**Task:** Without the images, repeat every line of the listing exactly.

**Dataset entries:**
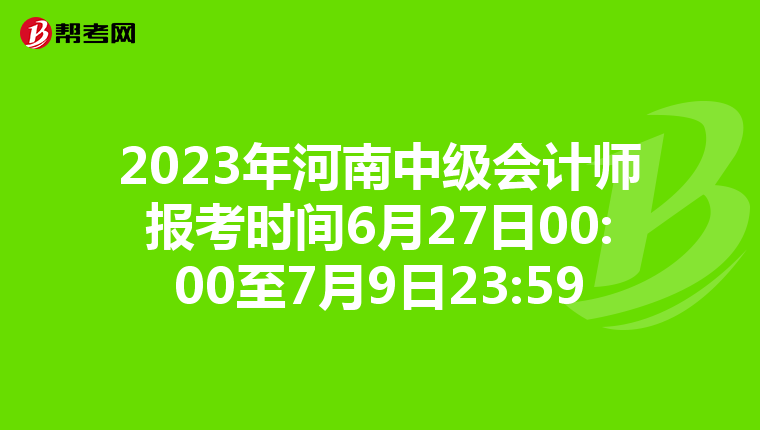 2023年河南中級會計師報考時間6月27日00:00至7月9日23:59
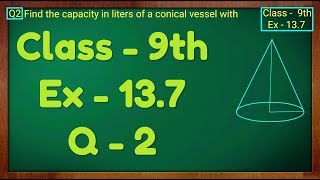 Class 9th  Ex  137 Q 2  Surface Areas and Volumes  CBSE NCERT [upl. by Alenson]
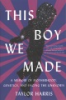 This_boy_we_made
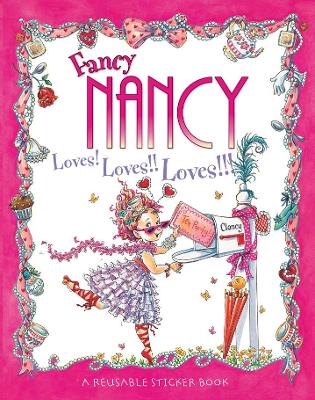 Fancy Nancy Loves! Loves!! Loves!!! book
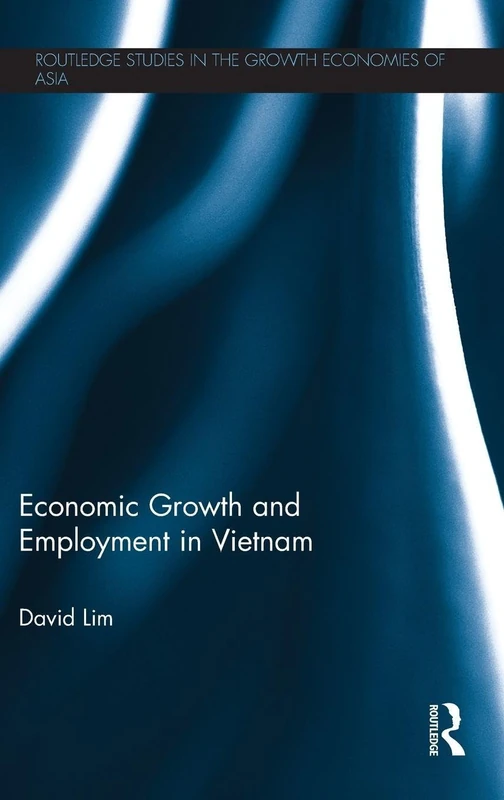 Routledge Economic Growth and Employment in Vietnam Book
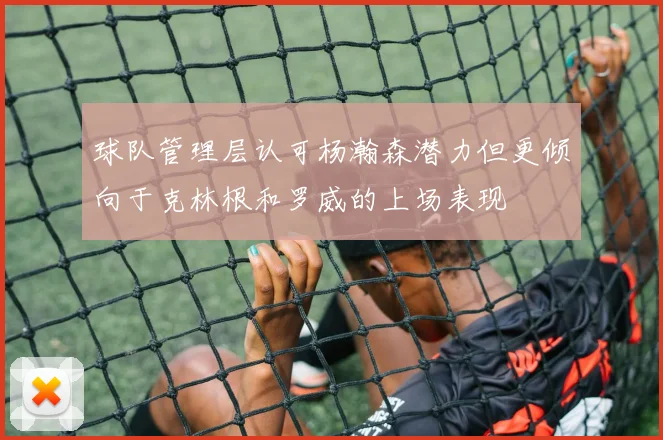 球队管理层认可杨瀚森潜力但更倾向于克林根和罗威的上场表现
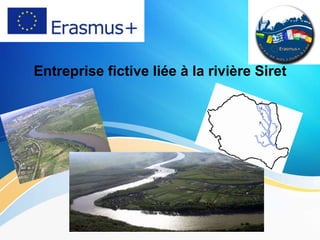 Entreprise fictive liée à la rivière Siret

**Solution below:**
 2023年河南中級會計師報考時間6月27日00:00至7月9日23:59
 Class 9th  Ex  137 Q 2  Surface Areas and Volumes  CBSE NCERT [upl. by Alenson]
 This_boy_we_made
 Fancy Nancy Loves! Loves!! Loves!!! book
 Routledge Economic Growth and Employment in Vietnam Book
 球队管理层认可杨瀚森潜力但更倾向于克林根和罗威的上场表现
 Entreprise fictive liée à la rivière Siret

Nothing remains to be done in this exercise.